Hasta ese momento, la gira había sido todo un éxito. Desde el norte de Italia, combinando automóvil y ferry, habíamos recorrido la bellísima isla de Córcega, la histórica y arqueológicamente rica Cerdeña (en esta isla italiana se han encontrado huellas de presencia humana que datan de 500 mil años antes de Cristo) y la siempre espléndida Sicilia.
Todo el trayecto de tres semanas lo habíamos hecho bajo un cielo azul intenso con una temperatura entre cálida y fresca, algo inusual por cierto en época otoñal, aun para Europa meridional.
Al aproximarnos a Catania, en la costa oriental de Sicilia frente a una hermosa bahía, pudimos observar el volcán Etna en todo su impresionante esplendor, con su cumbre cubierta por las primeras nieves otoñales. Empezaba la tarde y parte de la ciudad lucía a distancia como iluminada por potentes reflectores. Eran los rayos del sol que la bañaban oblicuamente.
Al entrar a la ciudad nos dirigimos directamente a los muelles donde horas después nos embarcaríamos en un catamarán hasta la isla de Malta, última etapa de nuestro viaje. Una vez ubicada la pequeña nave maltesa, preguntamos si podíamos subir a bordo nuestro equipaje para aprovechar el resto de la tarde antes de zarpar en la noche.

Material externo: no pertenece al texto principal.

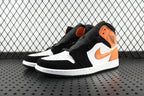 Air Jordan 1 Mid sneakers, black and orange with white side swoosh and midsole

El capitán del barco, un joven maltés de finos modales, nos atendió con gentileza permitiéndonos liberarnos de nuestras maletas. Cuando nos disponíamos a regresar al carro nos preguntó, de manera casual, si teníamos visa de entrada a su país. Ante nuestra negativa, decidió consultar un libro con dos listas: una, de los países cuyos ciudadanos podían ingresar libremente; la otra, de los que sí la necesitaban. Como el nombre de Costa Rica no aparecía en ninguna de las dos, llamó por teléfono a Valetta, la capital, para exponerles a las autoridades de migración nuestra situación y solicitarles el otorgamiento de la visas para entrar al puerto. Después de unos minutos de preocupante espera llegó la respuesta: no se puede otorgar las visas al entrar al puerto, como suele hacerse frecuentemente, porque Costa Rica está catalogada como hot country. Sí, claro, lo de país caliente no se refería a nuestro clima tropical sino al asunto del tráfico de drogas.
Además de la natural decepción y frustración porque pensábamos cerrar la gira con broche de oro, un sentimiento de vergüenza nos embargó a las cuatro personas que viajábamos juntas. Antes de emprender la tarea de cambiar pasajes y horarios para el regreso a casa, varios pensamientos cruzaron nuestras mentes. Durante todo el siglo pasado y varias décadas del presente, Costa Rica se distinguió por su avanzado estado de civilidad frente a la barbarie que cubría con un manto de represión y sangre el resto de Centroamérica. Hace bastante tiempo y quizá exagerando levemente, era posible hasta sentir un "poquillo" de orgullo a la hora de mostrar un pasaporte costarricense. Pero las cosas han cambiado radicalmente. Ahora no es de extrañar que el solo acto de presentar el pasaporte tico provoque de inmediato un fruncir del ceño en las autoridades de migración de cualquier país. ¡Así de bajo hemos caído en la estima internacional!
Por eso no debemos tomar en serio las amables expresiones protocolarias ensalzando el país de algún político o intelectual importante de visita en nuestro suelo. Considero que frases del estilo de las del señor Sanguinetti pronunciadas hace algunos años y reproducidas ridículamente en grandes vallas publicitarias colocadas en puntos estratégicos de la ciudad capital, nos hacen un gran daño porque nos retratan de cuerpo entero en nuestra enfermiza y estúpida vanidad.
Si alguien pudiera comprarnos por lo que valemos y vendernos por lo que creemos valer, haría el negocio del siglo.